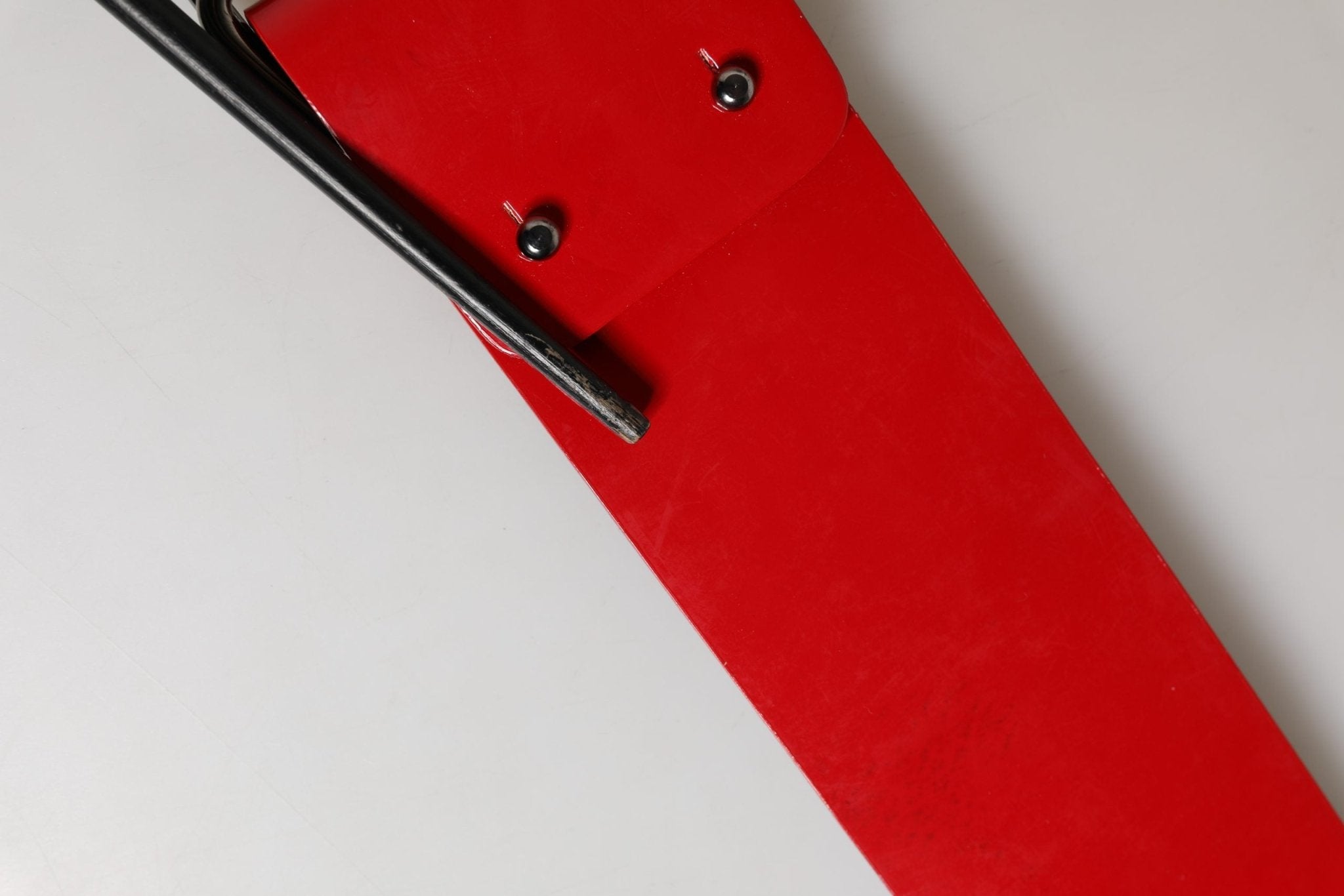 Costume National Red Wide Waist Silver Metal Buckle Belt - RIMODA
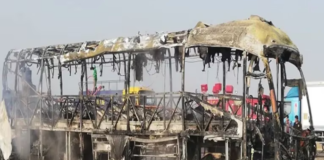 Pasajeros se salvaron de morir durante incendio de bus en Pasamayo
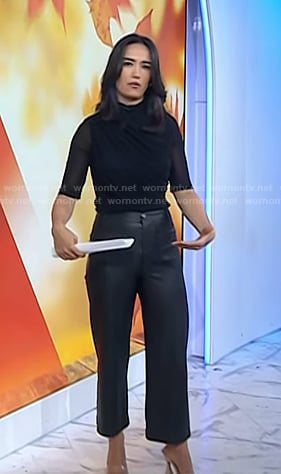 Emilie's black ruched top and leather pants on Today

> Work instruction: All of the material is to be reproduced verbatim, pictures excluded.

> Answer section:
 Costume National Red Wide Waist Silver Metal Buckle Belt - RIMODA
 Pasajeros se salvaron de morir durante incendio de bus en Pasamayo
 Emilie's black ruched top and leather pants on Today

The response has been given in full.